Proving the Sequence of Real Numbers is Not Cauchy

[tylerc1991]

Homework Statement

Show that the sequence of real numbers defined by $x_{n + 1} = x_n + \frac{1}{x_n^2}, \, x_1 = 1$ is not a Cauchy sequence.

Homework Equations

A sequence $\{ p_n \}$ is Cauchy if and only if, for all $\varepsilon > 0$, there exists an $N > 0$ such that $d(p_n, p_m) < \varepsilon$ for all $m, n > N$.

The Attempt at a Solution

We can assume that $d$ is the usual metric on $\mathbb{R}$. I don't even see where to begin. I see that the sequence is monotonically increasing, so that
$1 = \frac{1}{x_1} > \frac{1}{x_2} > \frac{1}{x_3} > \dotsb.$
So
$1 = \frac{1}{x_1^2} > \frac{1}{x_2^2} > \frac{1}{x_3^2} > \dotsb.$
To me it looks like the sequence is in fact Cauchy. Please help!

 

[Kindayr]

Well if you're trying to show that it is not Cauchy, state what it means for a sequence to not be Cauchy. That is where I would start :)

 

[tylerc1991]

Well if you're trying to show that it is not Cauchy, state what it means for a sequence to not be Cauchy. That is where I would start :)

The sequence isn't Cauchy if there exists an $\varepsilon > 0$ such that for all $N > 0$ there exists $m, n > 0$ such that $d(x_m, x_n) \geq \varepsilon$.

...

still stuck

...

 

[LCKurtz]

Do you have the theorem that a sequence is Cauchy if and only if it is convergent? And if so, what happens if you suppose $\lim_{x\rightarrow \infty} = L$?

 

[tylerc1991]

Do you have the theorem that a sequence is Cauchy if and only if it is convergent? And if so, what happens if you suppose $\lim_{x\rightarrow \infty} = L$?

Yes, I can assume the sequence is Cauchy if and only if it is convergent. The definition of limits that we are using states that $\lim_{n \to \infty} x_n = L$ if and only if
$\forall \varepsilon > 0 \, \exists N > 0 \, s.t. \, \forall n > N \quad d(L, x_n) < \varepsilon$.
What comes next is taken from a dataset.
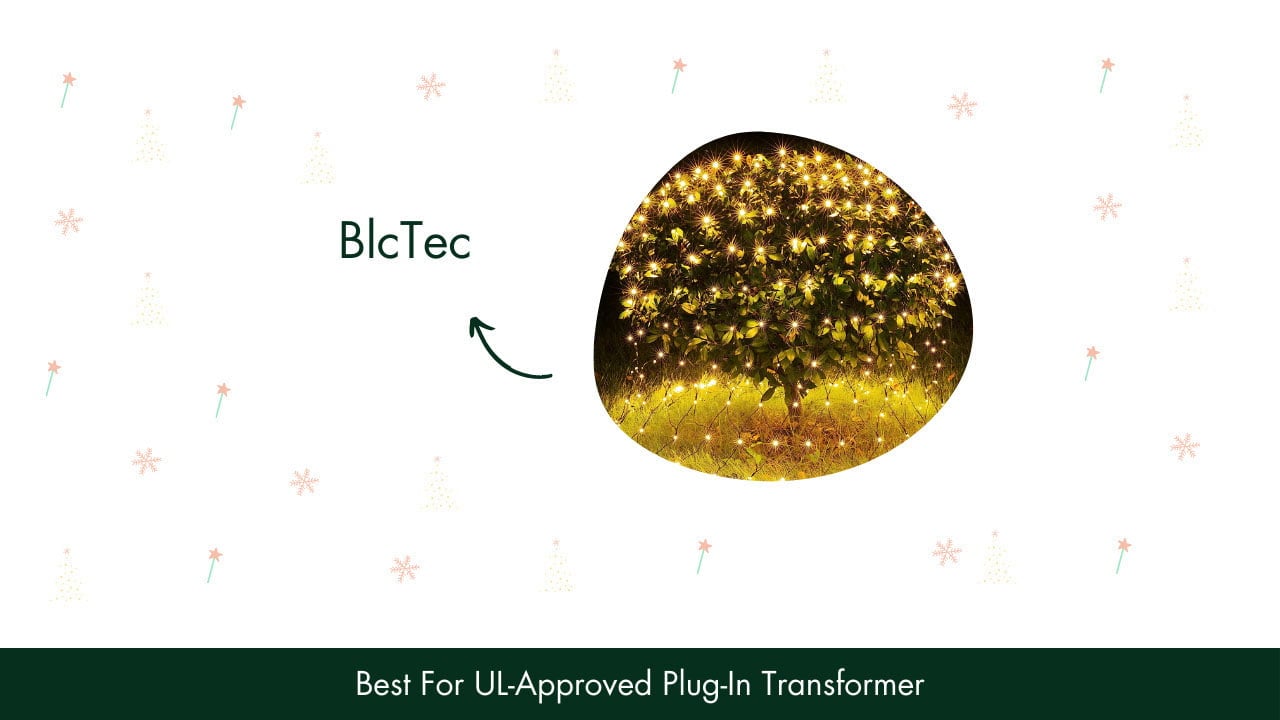 4. Blctec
Now can I somehow use the fact that $x_n$ is increasing to say that $d(L, x_n)$ is always increasing? And hence it is greater than or equal to $\varepsilon$ for some $n$?

 

[LCKurtz]

Yes, I can assume the sequence is Cauchy if and only if it is convergent. The definition of limits that we are using states that $\lim_{n \to \infty} x_n = L$ if and only if
$\forall \varepsilon > 0 \, \exists N > 0 \, s.t. \, \forall n > N \quad d(L, x_n) < \varepsilon$.

Now can I somehow use the fact that $x_n$ is increasing to say that $d(L, x_n)$ is always increasing? And hence it is greater than or equal to $\varepsilon$ for some $n$?

It's easier than that. If the sequence has a limit, what happens if you take the limit of both sides of your recursion?

 

[tylerc1991]

It's easier than that. If the sequence has a limit, what happens if you take the limit of both sides of your recursion?

The limit of both sides of the recurrence should then equal the same thing, namely $L$. Then I would have that

$\lim_{n \to \infty} x_{n + 1} = \lim_{n \to \infty} x_n + \frac{1}{x_n^2} = L + \lim_{n \to \infty} \frac{1}{x_n^2} = L$.

Doesn't this simply prove that $\lim_{n \to \infty} \frac{1}{x_n^2} = 0$?

 

[tylerc1991]

The limit of both sides of the recurrence should then equal the same thing, namely $L$. Then I would have that

$\lim_{n \to \infty} x_{n + 1} = \lim_{n \to \infty} x_n + \frac{1}{x_n^2} = L + \lim_{n \to \infty} \frac{1}{x_n^2} = L$.

Doesn't this simply prove that $\lim_{n \to \infty} \frac{1}{x_n^2} = 0$?

But then doesn't this imply $\lim_{n \to \infty} x_n^2 = \infty$? completing the problem?

 

[Matterwave]

Can that second limit be 0 while the first limit exists? Is there a number L such that 1/L^2=0?

 

[tylerc1991]

Can that second limit be 0 while the first limit exists? Is there a number L such that 1/L^2=0?

Exactly. Thank you LCKurtz for your patience! :)